A Place Without History - Archaeology Magazine Archive
For a long time historians thought elaborate stone structures like this didn't exist in this part of the East African hinterland. Nineteenth-century European travelers described the scorching, scrubby bush region of Tsavo as hostile and practically uninhabited. The assumption was that it had always been that way--a place virtually without history. The supposedly barren interior stood in sharp contrast to the flourishing towns along the East African coast, which historians had long believed were founded by Arabs and Persians as early as A.D. 800. Known as the Swahili, these Muslim communities sprouted along the coastline of East Africa from southern Somalia to Mozambique, and their inhabitants prospered trading with their neighbors around the Indian Ocean.

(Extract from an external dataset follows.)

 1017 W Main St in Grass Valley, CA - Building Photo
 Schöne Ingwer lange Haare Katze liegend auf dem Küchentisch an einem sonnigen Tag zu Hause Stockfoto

But over the past few decades new evidence has emerged suggesting that Swahili culture, while certainly shaped by Arabic immigrants, emerged from and also developed according to indigenous African traditions. The new thinking led Kusimba to reconsider the assumption that the people in the Kenyan interior were somehow separate and disconnected from those along the coast, and excluded from its economy. What, indeed, was going on in the Swahili hinterland and what ties did it have to the coast? These were the questions that sent Kusimba and his wife, Sibel Barut Kusimba, a Northern Illinois University archaeologist, to Tsavo in 1997.